I am currently using Cursor Pro, but the monthly limit of 500 Fast requests for Premium models seems insufficient for my needs. The billing questions I want to clarify mainly include the following:
After I exhaust my 500 Fast requests quota, will the Premium models switch to slow requests? At that point, can models like Claude 3.5, Claude 3.7, and OpenAI o1 still be used normally, just with slower response times?
What are the main differences between slow requests and Fast requests? Does the response speed become significantly slower? If so, how much slower will it be? Can you provide an estimate of the slowdown?

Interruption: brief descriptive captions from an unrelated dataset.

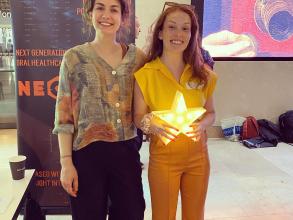 Demo Night 2023 second place winners, Vitaegum stood next to their stand holding a trophy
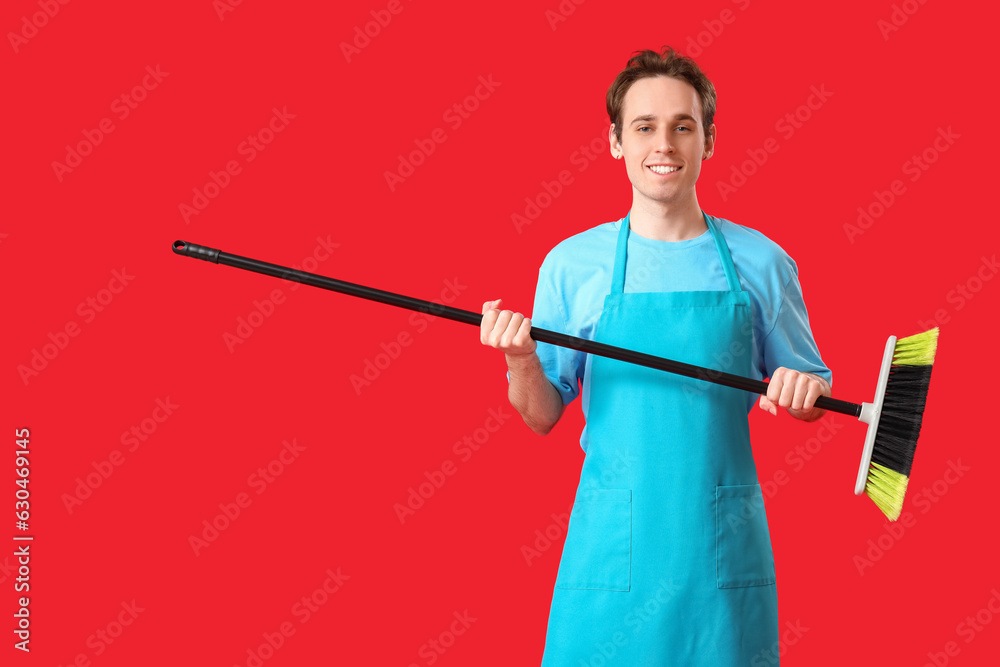 Male janitor with broom on red background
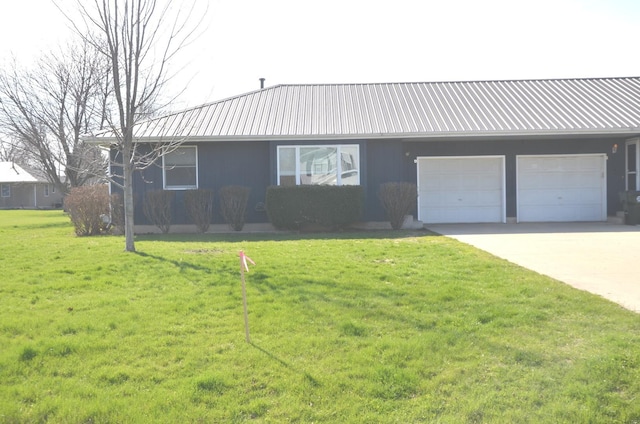 single story home with a garage, a front yard, metal roof, and concrete driveway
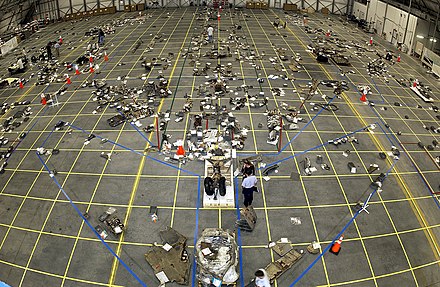 A grid on the floor is used to organize recovered debris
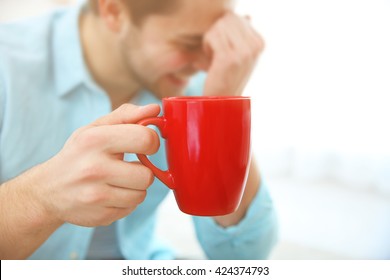 Man Holding Red Cup Of Coffee In Hand, Close Up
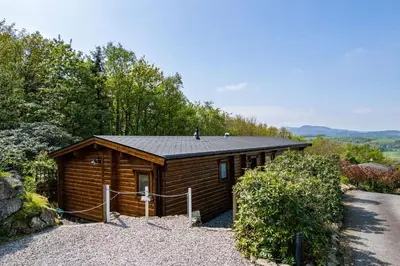 a small cabin with a roof on a gravel driveway at Screel View in Kippford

In Cursor’s model settings, I can input my own OpenAI API Key and Anthropic API Key. After entering my keys, once the 500 Fast requests quota is used up, can I continue using Premium models’ Fast requests by consuming my own API quota? Furthermore, would I still be able to use agent mode and Edit mode with models like Claude 3.5, Claude 3.7, and OpenAI o1? I know that non-Pro users who input their own API keys can only use chat mode.
There’s a new option in the Cursor account called “Enable usage-based pricing.” Is this similar to the method of entering my own OpenAI API Key and Anthropic API Key? That is, after exhausting the 500 Fast requests, API calls start being used—but one option involves paying Cursor, while the other means paying OpenAI or Anthropic directly?
I look forward to your reply to resolve my confusion. Thank you!
Yes, after you exhaust your quota, you’ll be switched to slow requests, but all premium models will still be available to you.
The difference between fast and slow requests is that they are moved to a slow pool. Wait times in the slow pool are calculated proportionally to how many slow requests you’ve used.
Your API key does not affect receiving fast requests from your premium subscription. You will also be limited to chat only, but other premium features will still work for you.
Usage-based pricing is a per-token billing system, and it differs slightly from using an API key. If your API key calculates token usage for input and output, here one request will cost 4 cents, regardless of how many tokens are used in your request/response.
You can get more detailed information from the documentation:
That’s very useful, but after reading that article I’m still not clear about this part of the OP’s question:
“After entering my keys, once the 500 Fast requests quota is used up, can I continue using Premium models’ Fast requests by consuming my own API quota?”
You replied that using an API key in addition to a Pro subscription won’t affect fast request quota… Does that mean that I can add my Anthropic API key and it’ll only be used when my Pro subscription fast request quota is used up - but it’ll only be available in Chat?